Abstract
Conventional perforating systems exhibit a distribution of perforation entry hole diameters around the circumference of the casing, when the system is decentralized within the wellbore. In the case of horizontal, limited entry, cluster style perforating operations the perforating system normally lies along the bottom of the casing. When hydraulically fracturing these intervals, perforation efficiency is difficult to predict since the entry hole diameters and perforation penetrations are not definitive.
A perforating system has been developed which provides a consistent entrance hole diameter and formation penetration independent of the clearance between the perforating carrier and casing. The system has been engineered to provide optimal perforation placement and to ensure that every perforation is the same regardless of circumferential position. The system provides a somewhat shallower penetration depth than conventional charges but some data suggests that depth of penetration may not significantly impact unconventional fracturing operations.

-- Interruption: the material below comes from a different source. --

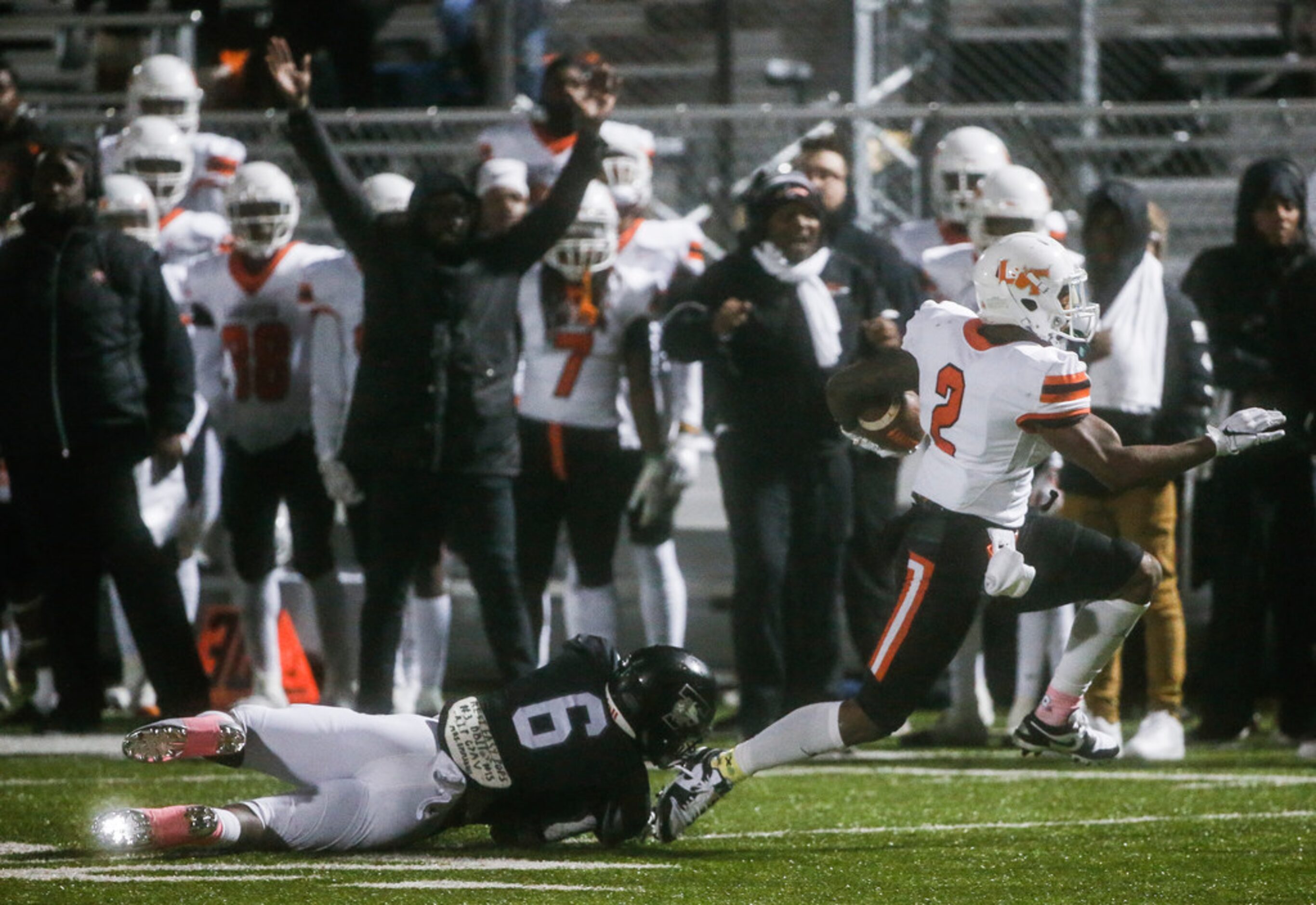 Lancaster running back Tre Bradford (2) attempts a touchdown run past Mansfield Timberview...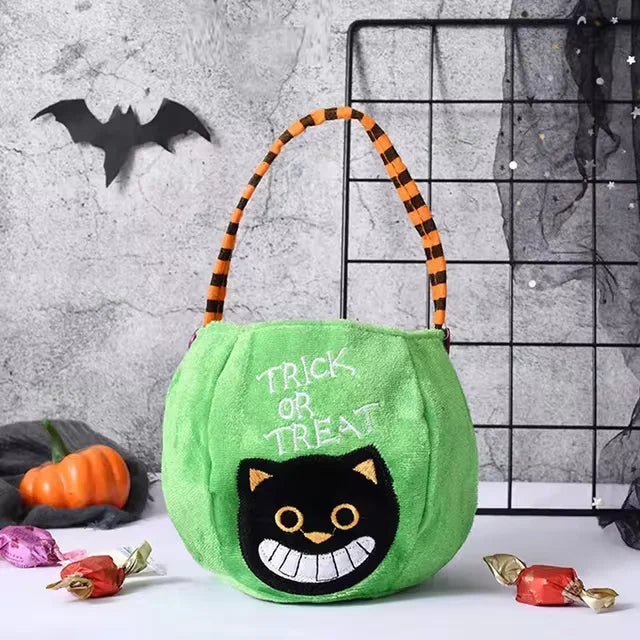 Green pumpkin-shaped Halloween treat bag for kids with adjustable strap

The system has been field tested in well over 5000 stages in a variety of unconventional resource field applications. Direct comparisons with conventional perforating systems show improved perforation efficiency as observed through step rate test analysis conducted during hydraulic fracturing operations.
Case studies are presented which illustrate the impact of having all perforations with a consistent penetration and constant entry hole diameter. With each individual perforation configured identically, no one perforation can dominate during hydraulic fracturing operations, and as a result more perforations may contribute to fracture development.